Bhutan, the hermit kingdom lies in the lap of the mighty Himalayas, sandwiched between the two mighty Asian giants – India and China. Bhutan’s landlocked nature and difficult mountainous terrain have kept it free from outside elements and that have helped in preserving a unique culture, traditions and a kingdom, that in its peak, carried campaigns in the Indian state of Assam and West Bengal as well. Today, Bhutan has completed a smooth and peaceful transition from monarchy to democracy where the royal family is still respected and honoured. Bhutan is unique, in the modern era of economics, where GDP is the yardstick of measuring a country’s importance, Bhutan has its own parameter, the unique concept of GNH (Gross National Happiness). The concept focuses on the people’s happiness level that includes education, accessibility to jobs, quality of life, health, family, etc. The country is now steadily progressing in almost every sector at the same time maintaining its rich culture and traditions. Buddhist monasteries are still popular and so are the unique cultural festivals. Bhutan’s air, water and land are still pristine and unpolluted. The people are honest, simple and always smiling and the food is delicious despite the lack of ingredients and fancy cooking techniques of the Western countries.
Bhutan’s capital Thimphu is a charming city with medieval Bhutanese architecture and several important government buildings. Thimphu, being the administrative and economic centre, have a good number of hotels, restaurants and travel related business.
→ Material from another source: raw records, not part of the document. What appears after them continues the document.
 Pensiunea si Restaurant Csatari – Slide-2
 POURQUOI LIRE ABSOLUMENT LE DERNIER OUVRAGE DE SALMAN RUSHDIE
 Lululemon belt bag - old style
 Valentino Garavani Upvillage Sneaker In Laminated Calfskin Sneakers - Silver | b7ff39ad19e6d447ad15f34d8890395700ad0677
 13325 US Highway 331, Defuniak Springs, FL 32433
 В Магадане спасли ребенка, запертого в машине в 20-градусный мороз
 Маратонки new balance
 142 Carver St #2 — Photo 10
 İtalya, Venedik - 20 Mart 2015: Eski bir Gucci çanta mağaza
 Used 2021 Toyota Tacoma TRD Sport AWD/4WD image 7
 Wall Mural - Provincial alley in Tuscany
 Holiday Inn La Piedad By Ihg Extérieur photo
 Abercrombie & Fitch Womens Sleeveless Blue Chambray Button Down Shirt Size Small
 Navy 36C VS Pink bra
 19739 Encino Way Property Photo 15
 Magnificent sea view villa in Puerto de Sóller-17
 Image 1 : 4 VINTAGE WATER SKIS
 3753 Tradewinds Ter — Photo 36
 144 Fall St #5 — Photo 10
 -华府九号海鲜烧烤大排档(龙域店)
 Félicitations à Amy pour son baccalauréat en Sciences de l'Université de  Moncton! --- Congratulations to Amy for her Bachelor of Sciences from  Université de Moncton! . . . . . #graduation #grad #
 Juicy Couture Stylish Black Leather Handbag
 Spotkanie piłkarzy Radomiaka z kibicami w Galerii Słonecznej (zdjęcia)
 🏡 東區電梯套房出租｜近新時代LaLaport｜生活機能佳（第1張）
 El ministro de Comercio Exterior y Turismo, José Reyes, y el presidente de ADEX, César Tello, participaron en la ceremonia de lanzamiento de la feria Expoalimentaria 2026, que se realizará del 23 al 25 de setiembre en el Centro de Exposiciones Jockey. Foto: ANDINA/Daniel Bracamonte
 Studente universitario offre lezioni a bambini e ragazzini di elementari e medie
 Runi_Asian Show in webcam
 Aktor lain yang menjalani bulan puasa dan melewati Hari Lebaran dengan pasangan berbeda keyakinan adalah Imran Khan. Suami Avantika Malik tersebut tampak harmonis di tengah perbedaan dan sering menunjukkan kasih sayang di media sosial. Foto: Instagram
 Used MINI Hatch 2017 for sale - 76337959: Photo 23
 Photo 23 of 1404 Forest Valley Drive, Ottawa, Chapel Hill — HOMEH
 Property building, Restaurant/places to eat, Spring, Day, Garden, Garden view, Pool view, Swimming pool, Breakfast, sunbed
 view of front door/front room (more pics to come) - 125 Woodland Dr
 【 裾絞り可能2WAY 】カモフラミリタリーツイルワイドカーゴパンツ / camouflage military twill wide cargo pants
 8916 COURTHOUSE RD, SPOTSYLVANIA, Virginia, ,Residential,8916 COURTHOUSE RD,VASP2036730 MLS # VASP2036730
In Thimphu, do visit the Tashichhodzong, a delightful Buddhist monastery and fortress located on the northern edge of the city. Don’t forget to see the DechenPhodrang Monastery, Gangteng Monastery, etc. Visit the historic town of Paro, renowned for its sacred Buddhist sites like the famous Paro Taktsang, also known as the Tiger Monastery. Then there is the National Museum of Bhutan, etc. Visit the town of Punakha, that served as the capital of the country till 1955 and is known for its Punakha Dzong, a large Bhutanese architecture that serves as the key administrative buildings and monasteries.
Bhutan shares land borders with India and allows Indian citizens to enter the country by road without a visa. However, Indian citizens must carry valid identity cards to enter the country.Border crossing with India is currently available at Jaigaon (West Bengal). You can reach Jaigaon from Bagdora Airport, Siliguri. The journey takes approximately 6 hours to reach Jaigaon. The border crossing of Jaigaon closes around 8:30 PM IST. There are plenty of hotels available at Jaigaon. The Bhutanese border town of Phuentsholing has a permit issuing office where you have to submit your valid ID proofs and takes around half-day to process them. Indian currency is widely accepted, however, avoid the old notes of 500 and 1000 post demonetization in India. Indian willing to fly directly to Bhutan from Indian cities of Bagdogra, Kolkata and Bodh Gaya. Druk Air is the official airline of Bhutan and the main international gateway of the country is the Paro International Airport.
Bhutan is a beautiful country with a slower pace of life. The country seems to be out of the world and that’s the most important charm. Give yourself ample time to explore the countries key cities like Thimphu, Paro, Punakha and take side tours to see the sheer beauty and freshness of Bhutan. Every Bhutan holiday package should include stay of 7 days. The time is ideal for travellers to soak in the beauty of the small Himalayan country.